Actor-Mimic: Deep Multitask and Transfer Reinforcement Learning
This addresses the challenge of multitask and transfer learning for autonomous agents, though it is incremental as it builds on existing deep reinforcement learning and model compression techniques.
The paper tackles the problem of enabling an agent to learn and transfer knowledge across multiple tasks by introducing Actor-Mimic, a method that trains a single policy network using expert guidance from distinct tasks, resulting in faster learning in new environments without prior guidance.

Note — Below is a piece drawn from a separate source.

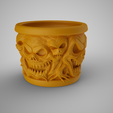 033881.png Vaso de Halloween assustador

The ability to act in multiple environments and transfer previous knowledge to new situations can be considered a critical aspect of any intelligent agent. Towards this goal, we define a novel method of multitask and transfer learning that enables an autonomous agent to learn how to behave in multiple tasks simultaneously, and then generalize its knowledge to new domains. This method, termed "Actor-Mimic", exploits the use of deep reinforcement learning and model compression techniques to train a single policy network that learns how to act in a set of distinct tasks by using the guidance of several expert teachers. We then show that the representations learnt by the deep policy network are capable of generalizing to new tasks with no prior expert guidance, speeding up learning in novel environments. Although our method can in general be applied to a wide range of problems, we use Atari games as a testing environment to demonstrate these methods.